What to work on
Exclude every picture. Output verbatim the lines from the one containing "Photo #2: 2301934 Listing" to the end of the data.

Extracted information
================================

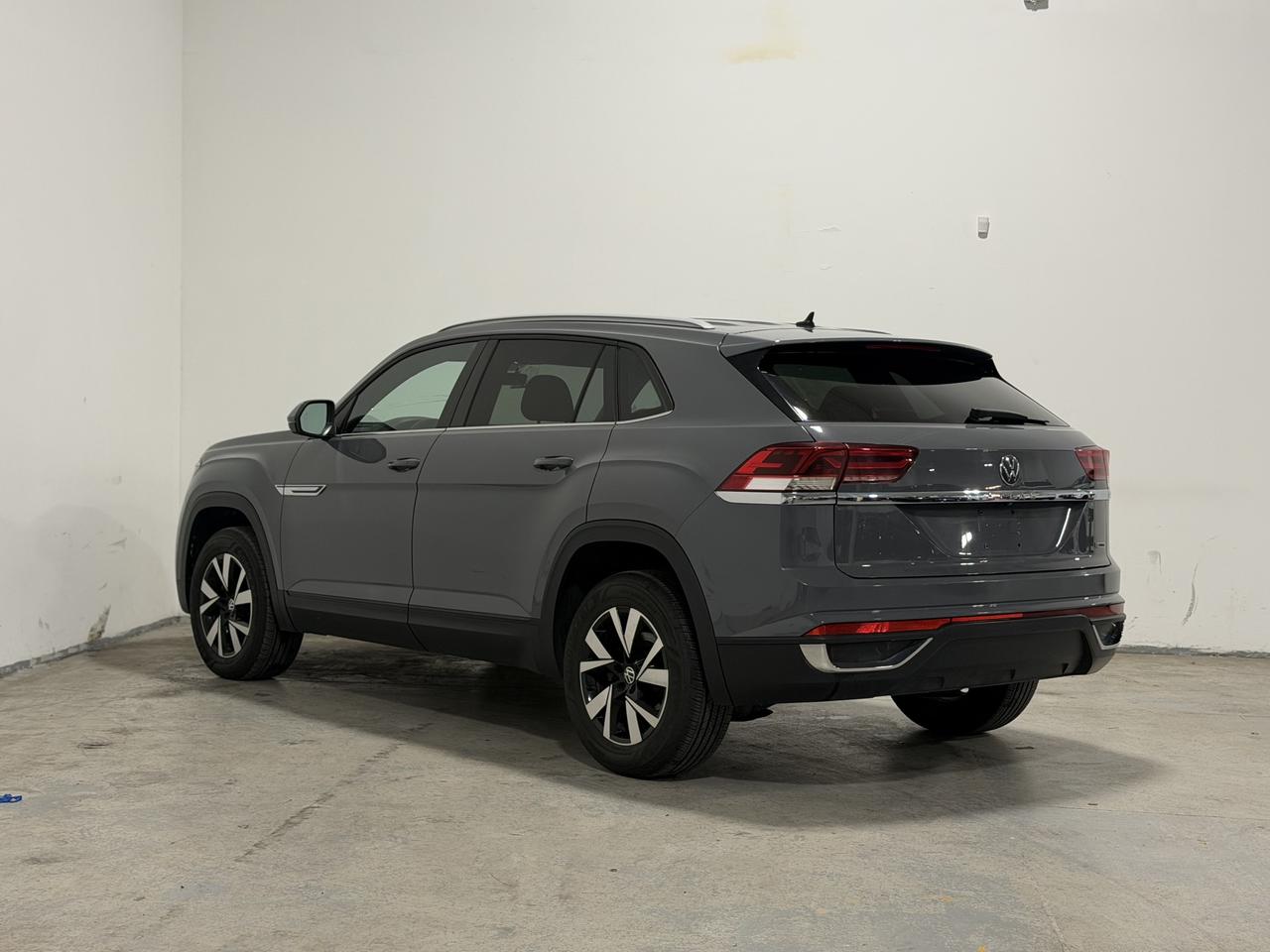 2020 Volkswagen Atlas Cross Sport Trendline Photo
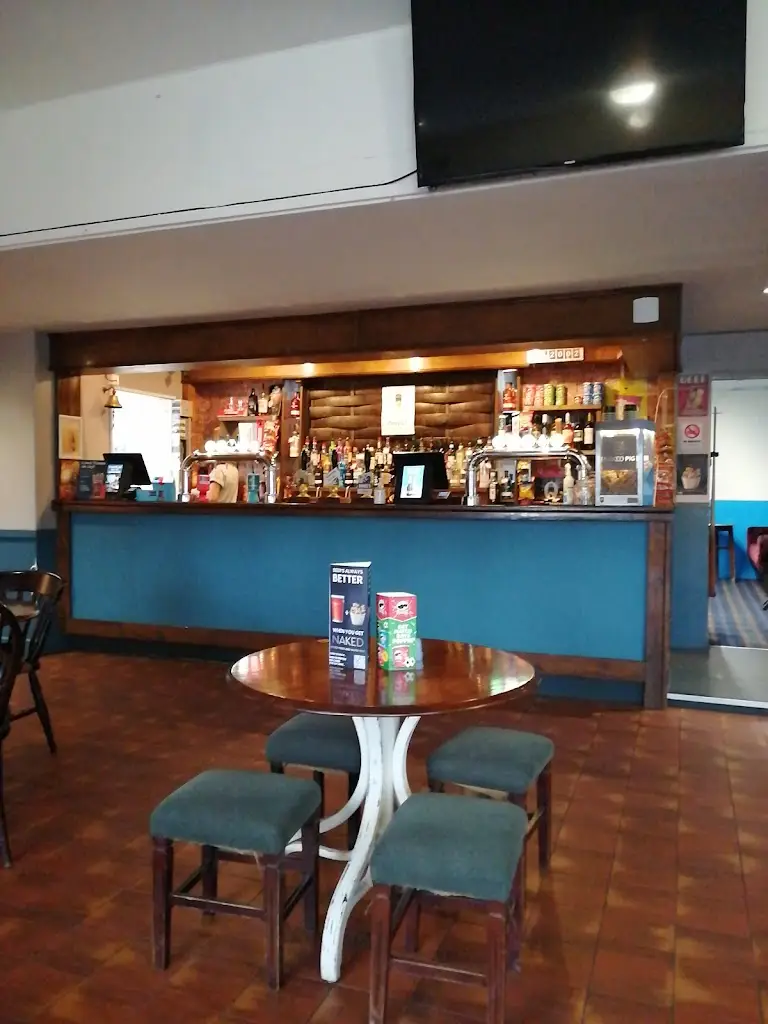 john_Beeches_Bayston Hill_review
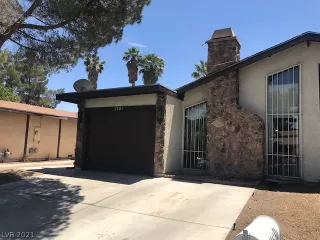 Photo #2: 2301934 Listing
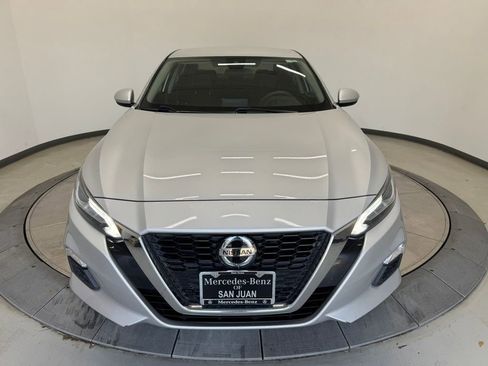 Used 2022 Nissan Altima 2.5 SV FWD image 14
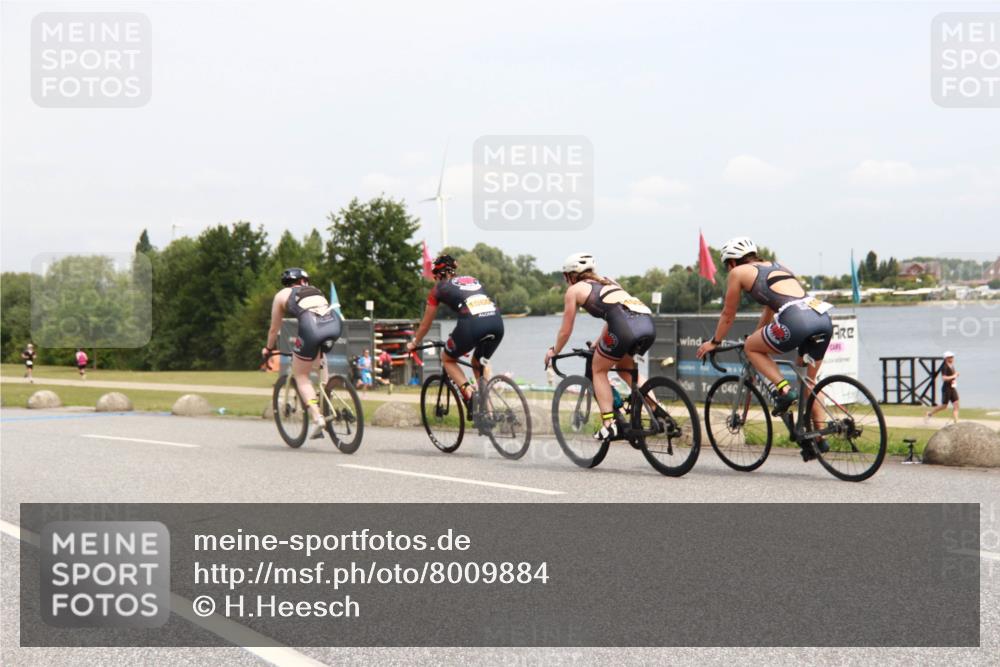 21.06.2025 - 27. Vierlanden-Triathlon H.Heesch http://msf.ph/oto/8009884 15.06.2025 12:32:24 Radfahren 819, 1057 meine-sportfotos.de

================================

Written answer
 Photo #2: 2301934 Listing
 Used 2022 Nissan Altima 2.5 SV FWD image 14
 21.06.2025 - 27. Vierlanden-Triathlon H.Heesch http://msf.ph/oto/8009884 15.06.2025 12:32:24 Radfahren 819, 1057 meine-sportfotos.de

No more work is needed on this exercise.